Par un mémoire en défense, enregistré le 14 octobre 2025, l’Office français de l’immigration et de l’intégration conclut au rejet de la requête.
Il fait valoir que les moyens soulevés par M. D… ne sont pas fondés.
Vu les autres pièces du dossier.
Vu :
- la directive 2013/33/UE du Parlement européen et du Conseil du 26 juin 2013,
- le code de l’entrée et du séjour des étrangers et du droit d’asile,
- la loi n° 91-647 du 10 juillet 1991,
- le code de justice administrative.
Le président du tribunal a désigné Mme Perfettini en application des articles L. 922-2 et R. 922-17 du code de l’entrée et du séjour des étrangers et du droit d’asile.
Les parties ont été régulièrement averties du jour de l’audience.
Le rapport de Mme Perfettini a été entendu au cours de l’audience publique, les parties n’étant ni présentes ni représentées.

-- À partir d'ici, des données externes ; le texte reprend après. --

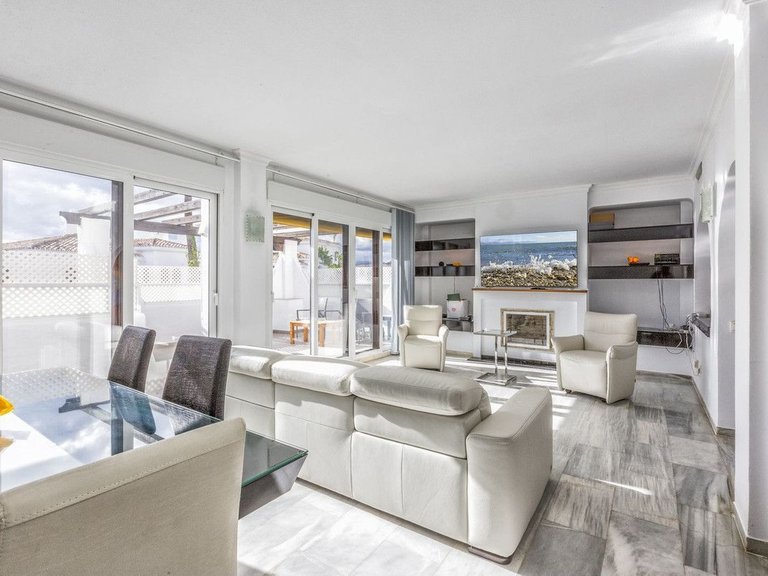 Apartment for Sale in Marbella, Malaga 15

La clôture de l’instruction a été prononcée à l’issue de l’audience.
Considérant ce qui suit :
1. M. E… D…, ressortissant béninois né le 3 juin 1982 à Semé-Kpodji (Bénin) s’est présenté le 11 septembre 2025 au guichet unique des demandeurs d’asile de Paris où sa demande a été enregistrée en procédure normale. Le même jour, à la suite d’un entretien d’évaluation de vulnérabilité, l’Office français de l’immigration et de l’intégration (OFII) a rejeté la demande de M. D… tendant au bénéfice des conditions matérielles d’accueil. Le requérant demande l’annulation de cette décision.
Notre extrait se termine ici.